An online survey reflected the conviction of the more than 100 participating experts: 93 percent said that global warming will exceed +1.5 degrees by 2050, and a third of them even said it will be more than +2.5 degrees. “This makes it all the more important to finally push maximum speed ahead for the fastest possible transition away from all fossil fuels in the transportation sector,” said host Dr. Norbert W. Alt, COO of FEV Group, in his welcoming note. Although he assessed the development of electromobility worldwide as positive, with more e-cars now being sold in Germany than new cars with diesel engines. However, he said, the associated CO₂ reduction will not be significantly noticeable until 2040 and beyond due to the global existing fleet of around 1.4 billion passenger cars and light commercial vehicles. “That is why, in addition to electromobility, all technological solutions such as hydrogen in fuel cells as well as in internal combustion engines and additionally large quantities of sustainable fuels for the existing fleet must be pursued immediately and in parallel,” Alt said. “The frequent discussions about efficiency in non-fossil fuel generationare misleading. The world does not have an energy problem: about 60 minutes of solar energy reaching the earth’s surface is sufficient to meet the entire global annual energy demand.”
Focus on Hydrogen
On the path to defossilization, green hydrogen is rated as the key potential energy carrier of the future. The EU recently released 5.2 billion euros to support a total of 35 hydrogen projects, flanked by another seven billion from private investment sources. In Aachen, the focus was on the current challenges in dealing with hydrogen, gaseous or liquid, on climate-neutral production, transport, storage, distribution, and infrastructure. Due to the high efficiency and ranges with short refueling times, especially heavy-duty commercial vehicles in long-distance traffic, various off-road applications, railroads and finally aviation rely on hydrogen and fuel cell drives.

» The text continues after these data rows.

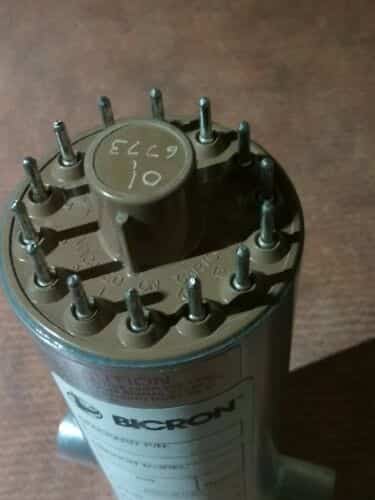 bicron-electronics-2msw2-2-x-gamma-detector-0100682-d6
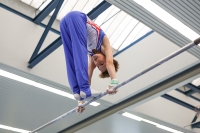 Thumbnail - Schwaben - Louis Vangelis - Спортивная гимнастика - 2022 - DJM Goslar - Participants - Age Group 12 02050_04865.jpg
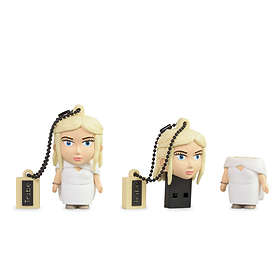 Tribe USB Game of Thrones Daenerys 16Go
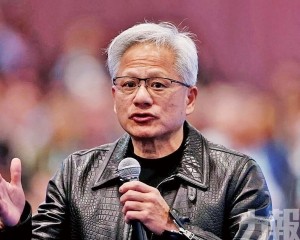 稱滅絕機率為零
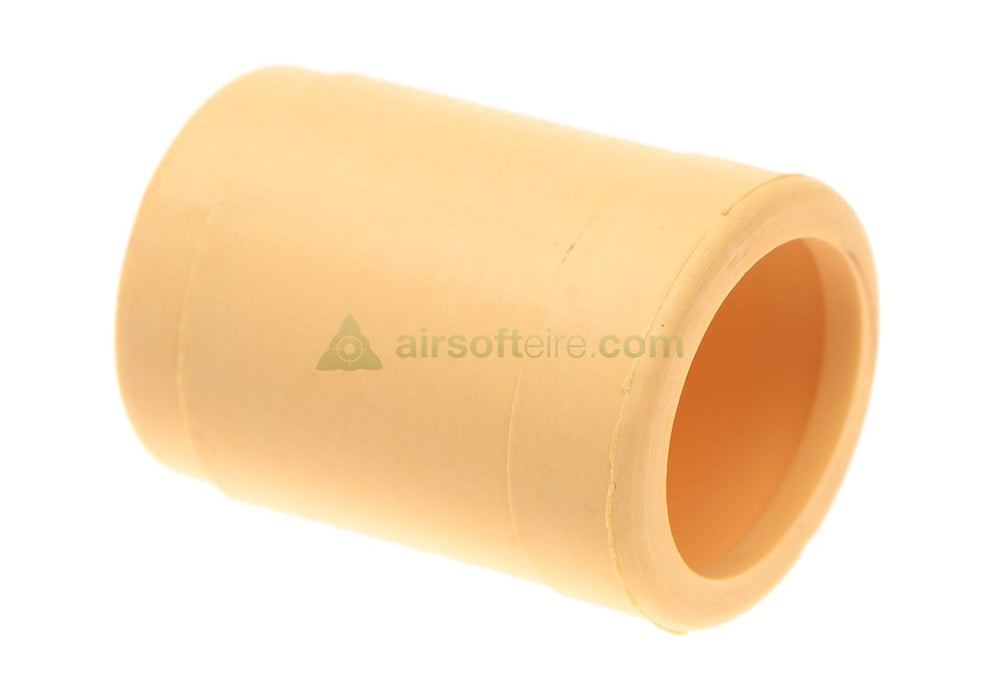 Maple Leaf Hot Shot Hop Up Rubber 60 Degree - For GHK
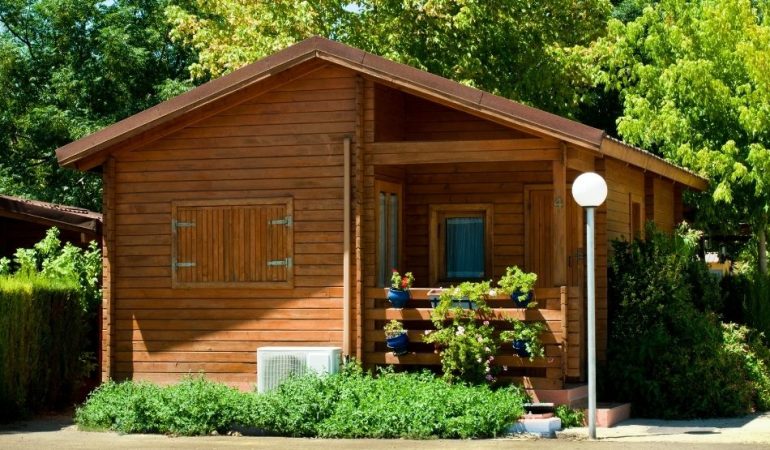 Sapanca bungalov ev (4)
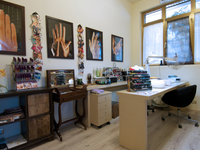 Nail Spa Monza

In very concrete terms, Linde Engineering presented its three main objectives in the handling and transport of liquid hydrogen: reducing the dead weight of distribution systems and transport equipment using aluminum or composites, improving the value chain through shorter refueling times of transport equipment and fewer losses through highly efficient pumping systems.

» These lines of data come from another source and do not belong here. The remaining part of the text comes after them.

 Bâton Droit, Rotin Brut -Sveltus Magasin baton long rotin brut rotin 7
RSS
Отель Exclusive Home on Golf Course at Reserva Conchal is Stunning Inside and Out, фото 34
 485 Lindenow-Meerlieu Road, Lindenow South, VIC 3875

As one of the world’s leading e-fuels producers, HIF Global also reported on the commissioning of its site in Patagonia, Chile. There, green energy from a wind turbine and recycled CO₂ will be used to produce green hydrogen and process it with maximum efficiency into e-methanol, e-fuels, and other synthetic fuels. The company plans to have delivery capacities of 750,000 liters of e-methanol annually from 2023, more than 55 million liters of e-fuels from 2026, and more than 550 million liters of e-fuels from 2028. HIF Global aims to further decarbonize the transportation and mobility sector and significantly accelerate the hydrogen economy in a sustainable, competitive, and safe manner.
Regarding the wind turbine, Audi assumes an overall efficiency of 74 percent and thus almost the same value as for the generation of fossil gasoline.

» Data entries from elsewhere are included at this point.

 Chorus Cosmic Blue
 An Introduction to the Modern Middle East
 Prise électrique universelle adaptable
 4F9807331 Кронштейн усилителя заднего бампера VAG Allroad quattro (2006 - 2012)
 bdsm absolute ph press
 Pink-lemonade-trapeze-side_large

Electric mobility continues to gain ground
Clear signals for technological change are also coming from e-mobility. The global availability of BEVs (Battery Electric Vehicles) has increased significantly, the extremely high efficiency of the electric drive is unrivaled and is therefore assessed as the main drive technology of the future to be used in passenger cars and increasingly also for truck applications. This is also reflected in the willingness and success of car manufacturers to consistently electrify their own icons: In Aachen, Volkswagen traced the path from the legendary cult object Vee-Dub to the all-electric ID.Buzz, which, as part of the decarbonization program, is the first CO₂ neutral Volkswagen produced and will be handed over to customers without the much-cited CO₂ backpack.
At the FEV conference, Indian manufacturer Mahindra outlined the political levers on its home market: targeted government support, such as for local battery and component production or the development of infrastructure, the stringent definition of national standards and concrete incentives for Indian OEMs are intended to achieve the transformation of mobility, which manifests itself, among other things, in the sales target of 10 million electric vehicles in India in 2030.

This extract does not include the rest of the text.